* [DIRECTIONS] Leave out the pictures and set down the rest of the listing below word for word.

* [GIVEN MATERIAL]
# # # #

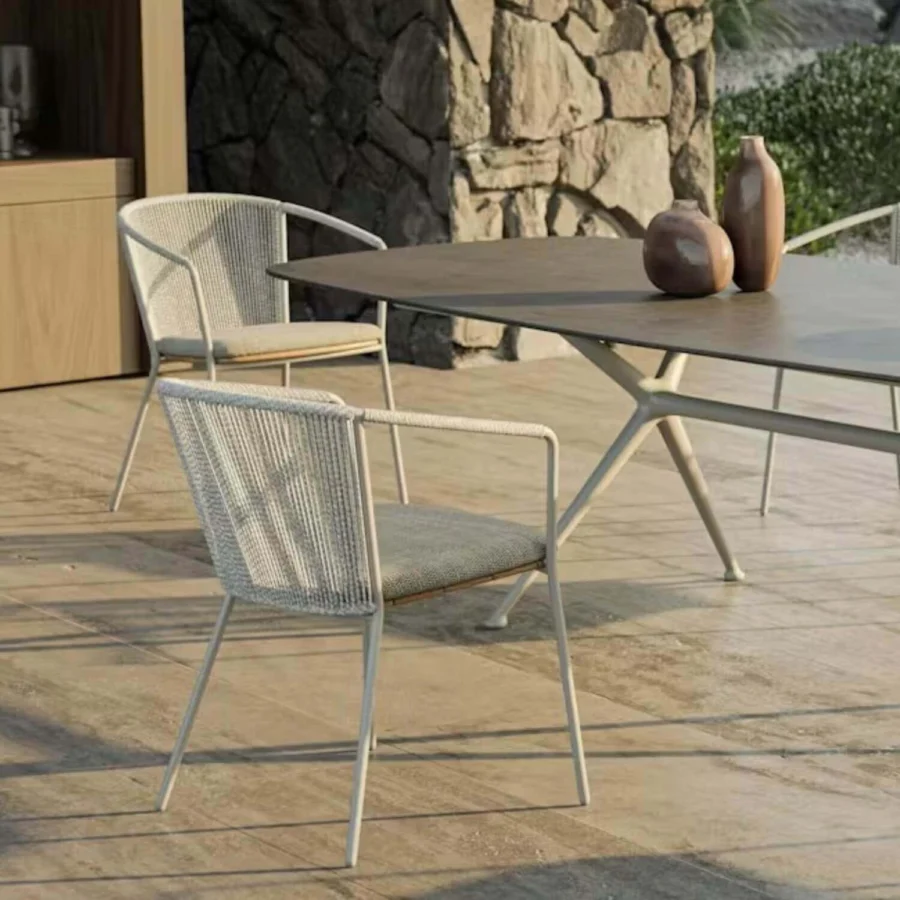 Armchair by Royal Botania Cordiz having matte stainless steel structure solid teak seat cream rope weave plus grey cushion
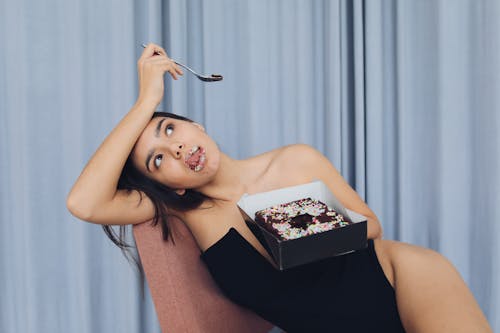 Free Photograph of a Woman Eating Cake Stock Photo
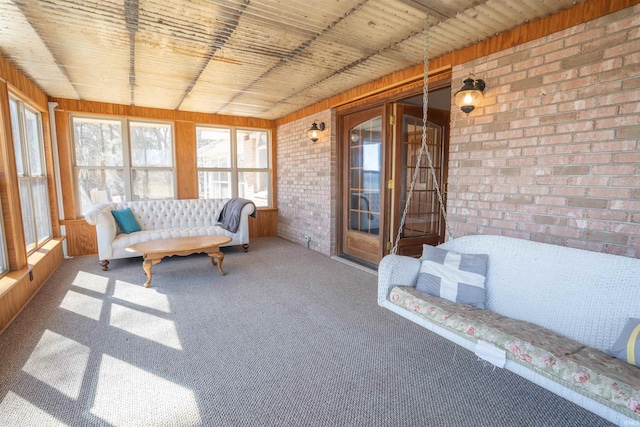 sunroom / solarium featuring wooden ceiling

# # # #

* [ANSWER TO THIS EXERCISE]
 Armchair by Royal Botania Cordiz having matte stainless steel structure solid teak seat cream rope weave plus grey cushion
 Free Photograph of a Woman Eating Cake Stock Photo
 sunroom / solarium featuring wooden ceiling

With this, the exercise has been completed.